Raw latency: Redis wins by ~5–10× on point-lookups. But both are well under the 1-second spec target, so latency alone doesn't justify the change.

Write-side comparison

The write side has three components: network transfer, server-side persistence, and the shape transpose from sim output (world-by-world) to storage output (game-by-game).

Network + server persistence

ClickHouse Redis
Compression on write ~7× (Delta+ZSTD on Float64) none by default (can be added client-side)
Wire data at 100K ~28 GB ~196 GB
Wire time at 10 Gbps intra-region ~22 s ~157 s
Server-side cost MergeTree part creation + compression RAM write, near-instant
Measured 100K OC write (client + server) 328 s not measured

Even if Redis's server-side cost is effectively zero, the wire-bandwidth disadvantage from no compression is ~7× larger transfer than CH. Total write time comes out roughly similar once you account for everything; Redis doesn't obviously win on pure write throughput at this data shape.

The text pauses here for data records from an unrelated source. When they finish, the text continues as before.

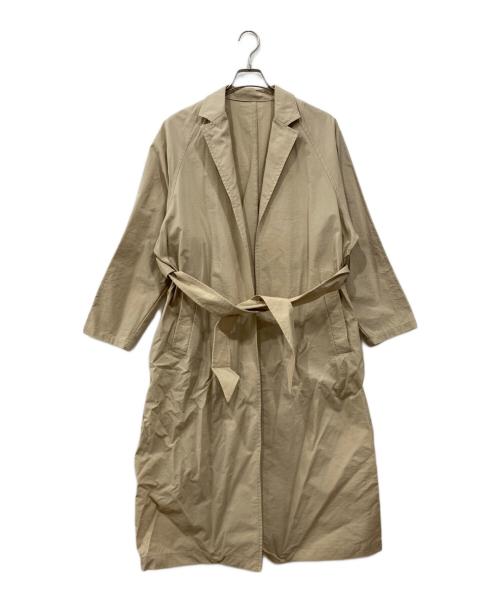 Pilgrim Surf+Supply（ピルグリム サーフサプライ）PILGRIM SURF+SUPPLY (ピルグリム サーフサプライ) ナイロンラップコート ベージュ サイズ:Sの古着・服飾アイテム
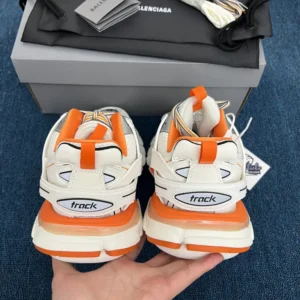 B*lenciaga Track White Orange - Image 7
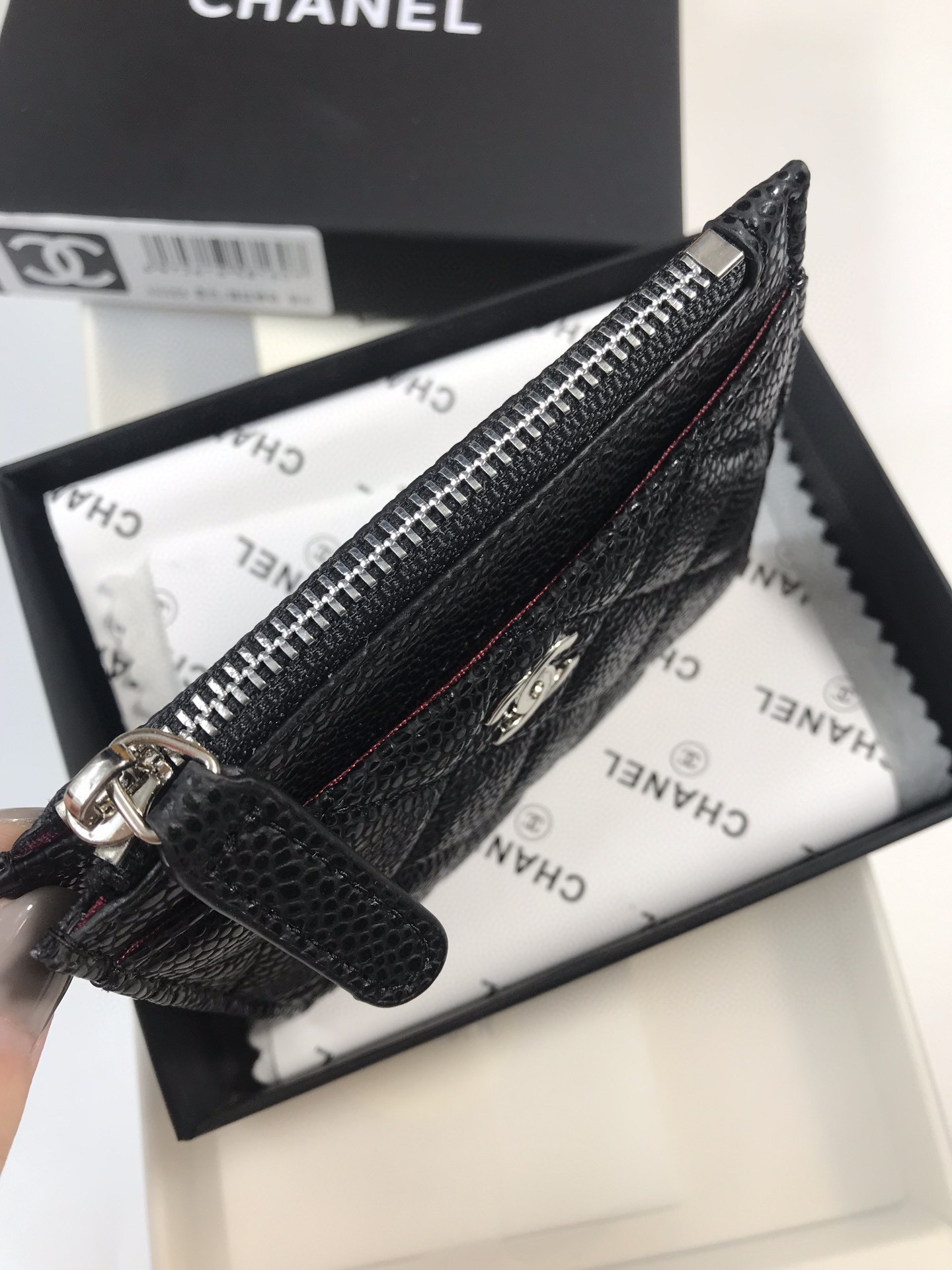 Chanel Calfskin Card Holder Model 50084 - Image 5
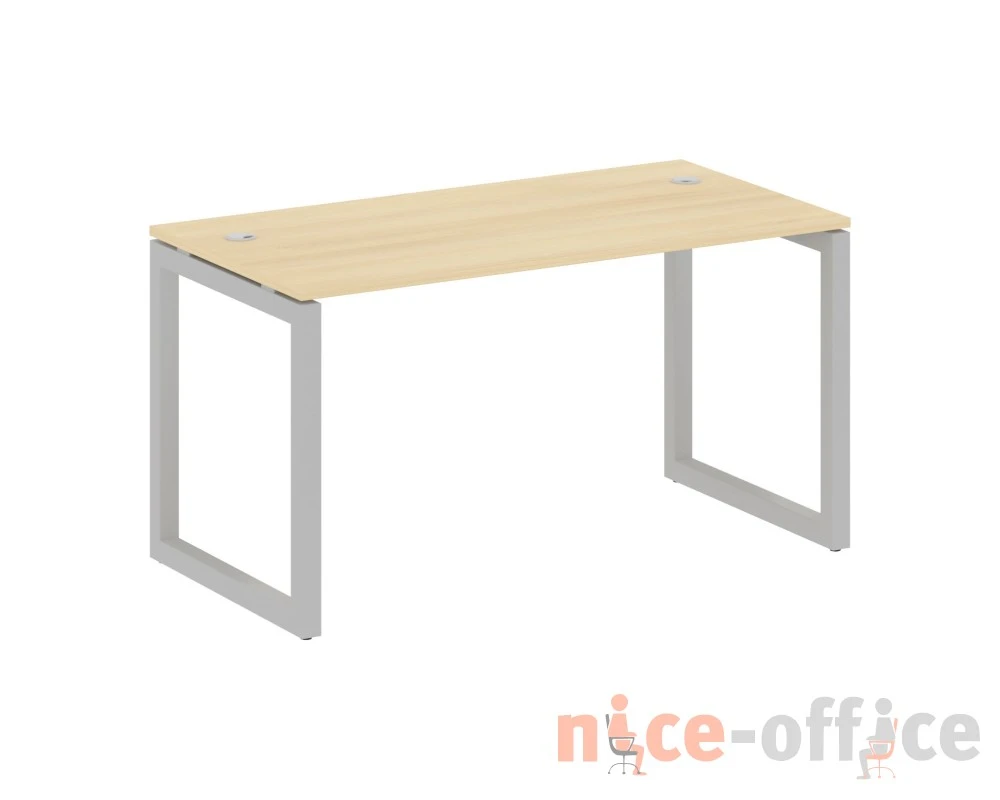 Стол письменный на О-образном м/к 1400x720x750 Метал Систем Куатро 5x5 / Metal System Quattro 5x5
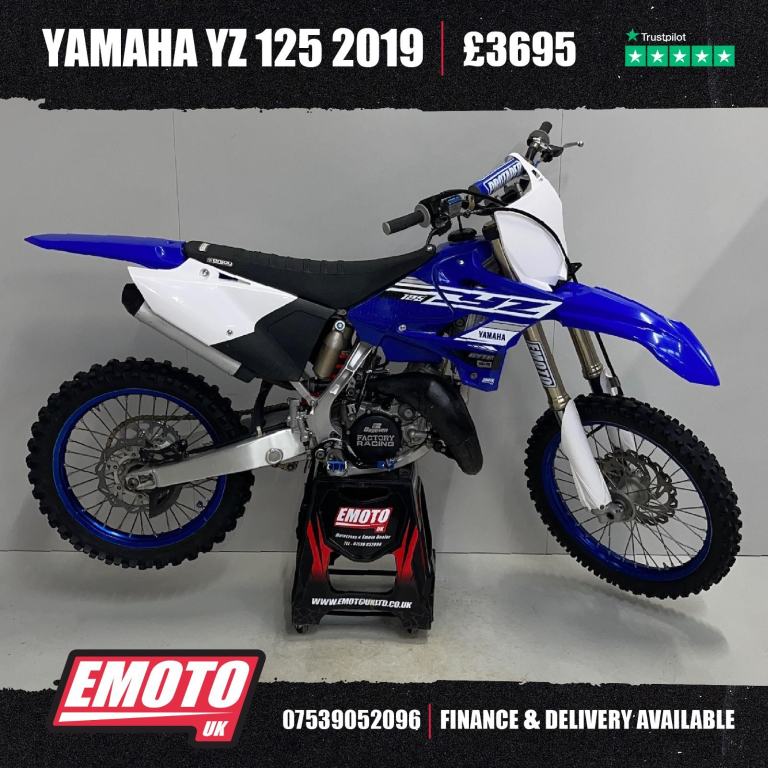 YAMAHA YZ 125 2019 Motocross Bike 125cc @EmotoUK - Finance Available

The shape transpose — an architectural constant

Simulation produces world-by-world data (one world simulates all 288 games). Storage wants per-outcome-across-worlds arrays (what readers consume). Something, somewhere, has to pivot the matrix. Three places the transpose can happen, each with hard tradeoffs:

Strategy Where transpose happens Memory cost Works on CH? Works on Redis?
Chunked staging + server merge (current) Server-side arrayFlatten in CH ~47 GB client peak at 100K Yes (137 s merge) Yes — but needs custom Lua / Redis Stack
Direct final write, per-game buffer Client-side, per-game 680 MB × in-flight games (up to 196 GB) OOMs at 100K OOMs at 100K
Skip merge, store per-chunk Read-side reassembles low write cost kills read latency (N GETs per outcome) kills read latency

The 137 s merge isn't a ClickHouse penalty — it's a transpose cost. Switching to Redis doesn't eliminate it, just moves it elsewhere.

Storage cost at 100K

ClickHouse Redis
Working set on disk / in RAM ~28 GB compressed on disk ~196 GB in RAM
Hosting cost Cloud idle-pauses after 15 min; per-run cost ~$4–5 when active Must stay resident; at AWS ElastiCache r6g.16xlarge (400 GB RAM) ≈ ~$3,500–5,000/month standing cost
Seasons retained many seasons on the same cluster at trivial storage cost each retained season × ~196 GB RAM × $

For the anticipated usage pattern (hot season + many cold seasons), the Redis option is ~50–100× more expensive to keep the same data available.

Where Redis could still make sense

Redis is a strong fit as a hot-path cache in front of ClickHouse, not a replacement:

  • If observation in production shows that a small percentage of games get the majority of reads, cache those (game_id, outcome_id) → Array(Float64) pairs in Redis.
  • Reads get Redis latency for the hot path, ClickHouse storage economics for the cold path.
  • Standard "cache-aside" pattern — miss on Redis falls through to CH, populates Redis.
  • Cache invalidation is trivial: when a run finishes and emits a new context_version, invalidate all keys for that season.

This decision should come after we see real read traffic patterns in production, not as a preemptive design choice.

Summary — why we didn't evaluate further

  1. Latency isn't driving the decision — both candidates are sub-target.
  2. Write-side is not obviously faster — Redis's no-compression cost on the wire approximately cancels its zero server-side cost.
  3. Transpose isn't a DB choice — the ~137 s merge step would exist in some form with Redis too.
  4. Storage cost is ~50× higher at our data volumes.
  5. Analytical queries (aggregations, cross-world/cross-game queries) are free in CH, impossible in Redis.
  6. Validated end-to-end on CH at 100K — no equivalent validation effort has been spent on Redis, and this experiment scoped a single backend.

If we ever re-evaluate: do it after production traffic patterns are known, specifically look at the cache-layer pattern, and put a dollar figure on the incremental read latency benefit vs the incremental hosting cost.